Personalized Genomics & Medicine


Grades: 9-11

Time Slot: Early Morning
• 10:00am – 11:45am Eastern Time

In the past decades, there has been an explosion of DNA sequencing data. This surge of data has allowed scientists and doctors to explore the human genome in more ways than ever. Additionally, private citizens are increasingly able to obtain their own genomic data through various personal genomics companies like 23&Me and Ancestry. In this course, we explore what does all of this new genomic data mean, how can we utilize it to identify and treat disease (on a personalized level), and how can we make these technologies more inclusive for all societies on a global scale.
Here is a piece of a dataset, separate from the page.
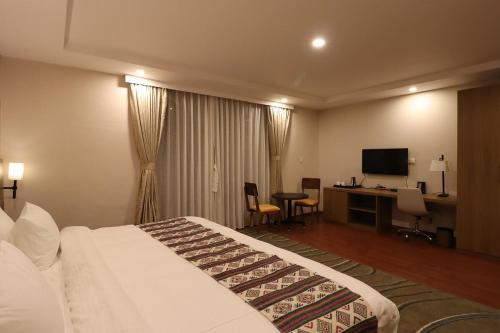 廷布Thimphu Deluxe Hotel的酒店客房配有一张床、一张书桌和一台电视。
Weekly topics will explore questions such as: Where does the “reference human genome” come from? What is the ‘personalized medicine’ movement? and How do at-home genomics kits work & what can we learn from them? Interactive learning activities will include learning how to analyze raw sequencing data in a genome browser, engaging with guest speaker(s), researching/debating your own questions about the ethics of at-home genomics kits, and more.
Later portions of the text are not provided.